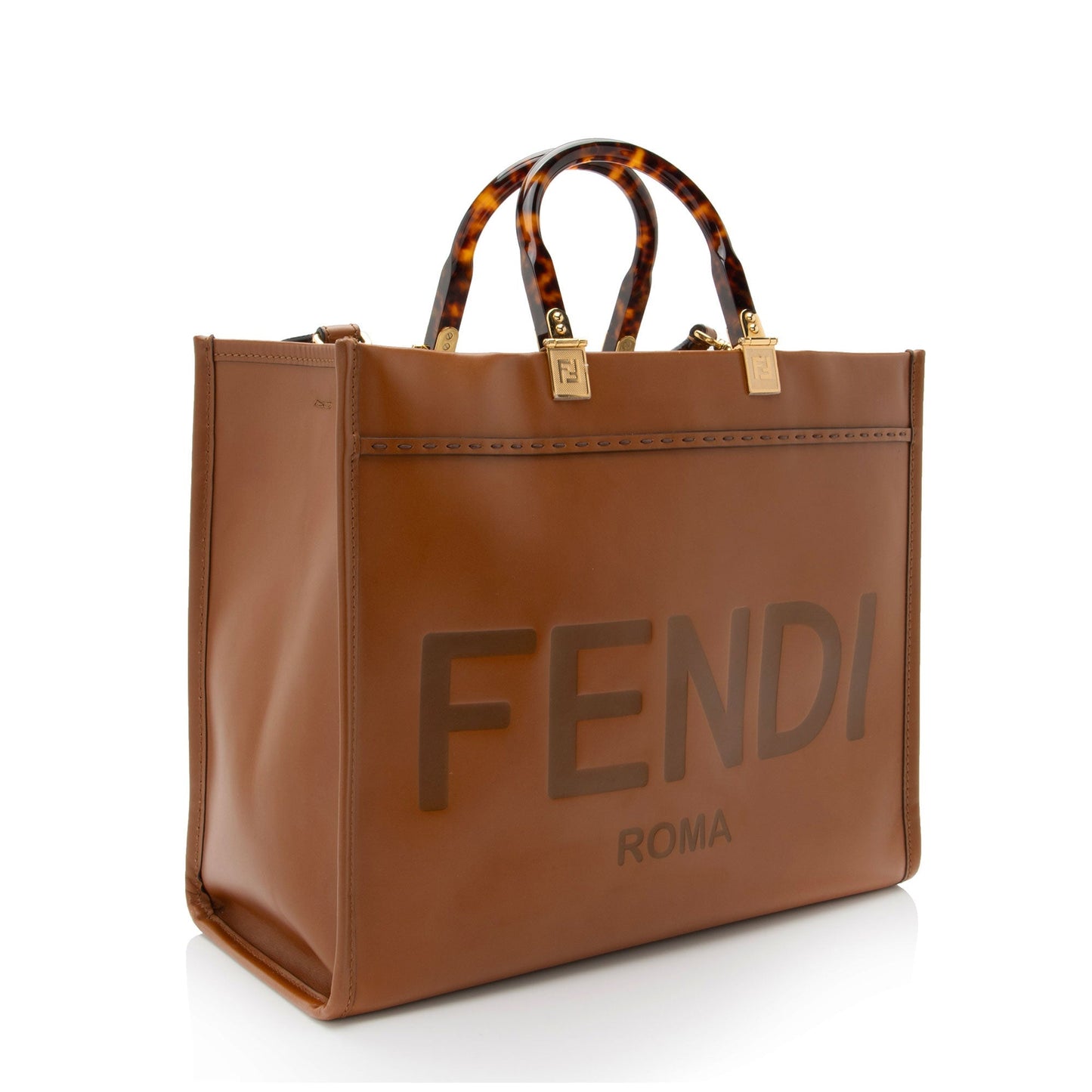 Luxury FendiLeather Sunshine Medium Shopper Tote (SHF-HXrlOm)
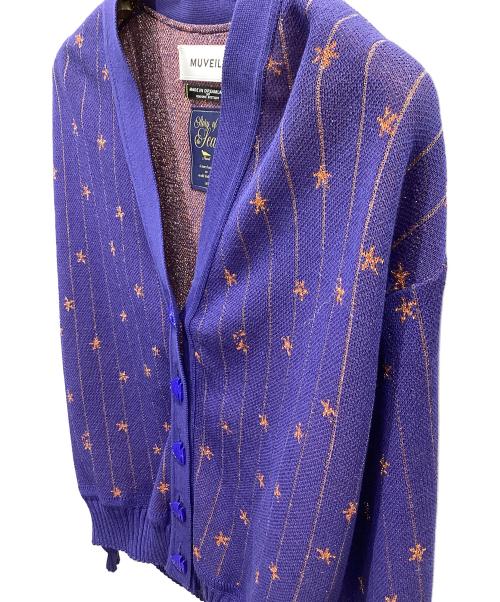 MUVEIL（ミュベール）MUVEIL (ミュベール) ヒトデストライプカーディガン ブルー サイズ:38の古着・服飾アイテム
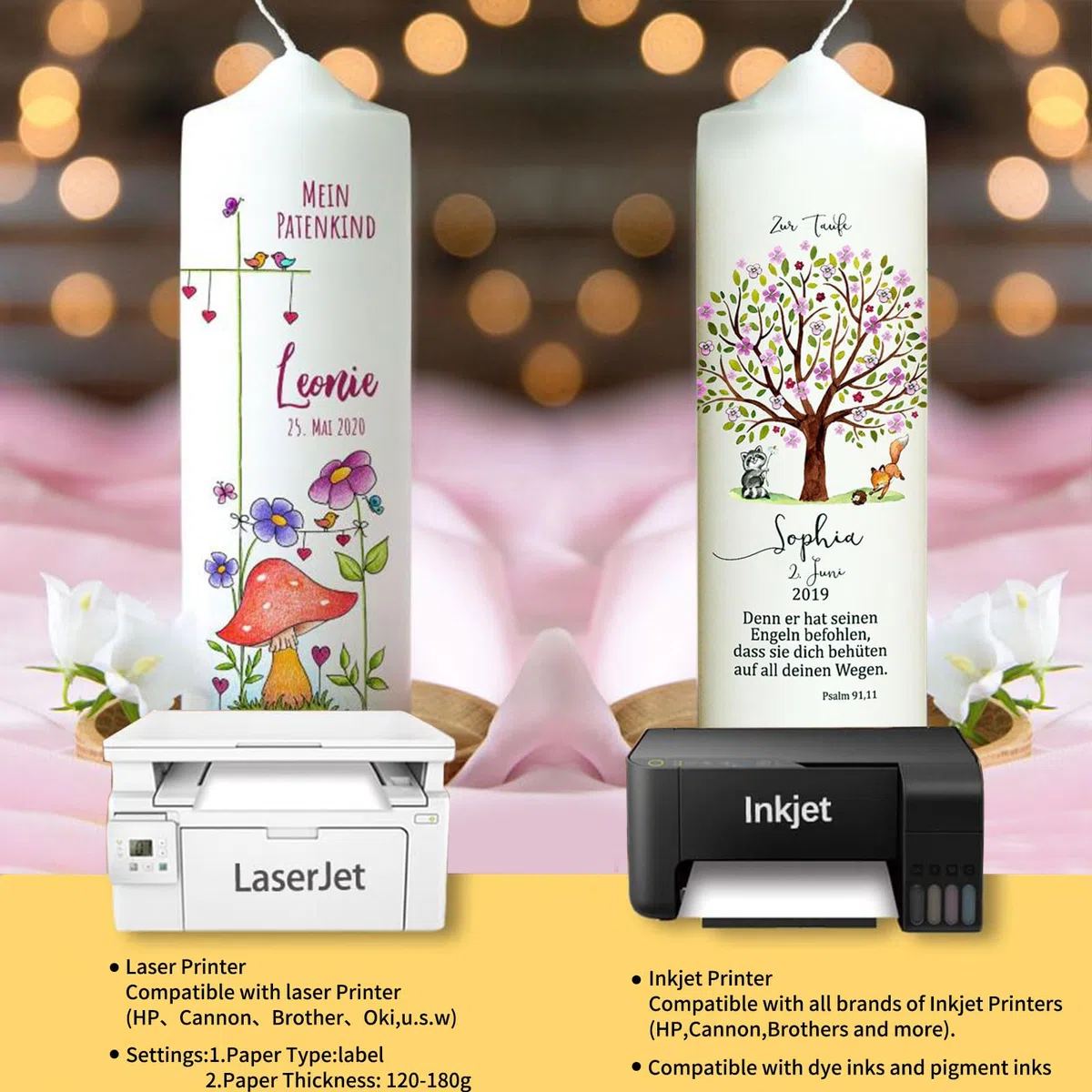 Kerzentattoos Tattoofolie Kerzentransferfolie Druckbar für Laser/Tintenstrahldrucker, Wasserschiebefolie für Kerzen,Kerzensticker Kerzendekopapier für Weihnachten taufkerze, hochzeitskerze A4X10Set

◆ **Work instructions**
Each line above should be written out again exactly, without any image.

◆ **Your response**
 Luxury FendiLeather Sunshine Medium Shopper Tote (SHF-HXrlOm)
 MUVEIL（ミュベール）MUVEIL (ミュベール) ヒトデストライプカーディガン ブルー サイズ:38の古着・服飾アイテム
 Kerzentattoos Tattoofolie Kerzentransferfolie Druckbar für Laser/Tintenstrahldrucker, Wasserschiebefolie für Kerzen,Kerzensticker Kerzendekopapier für Weihnachten taufkerze, hochzeitskerze A4X10Set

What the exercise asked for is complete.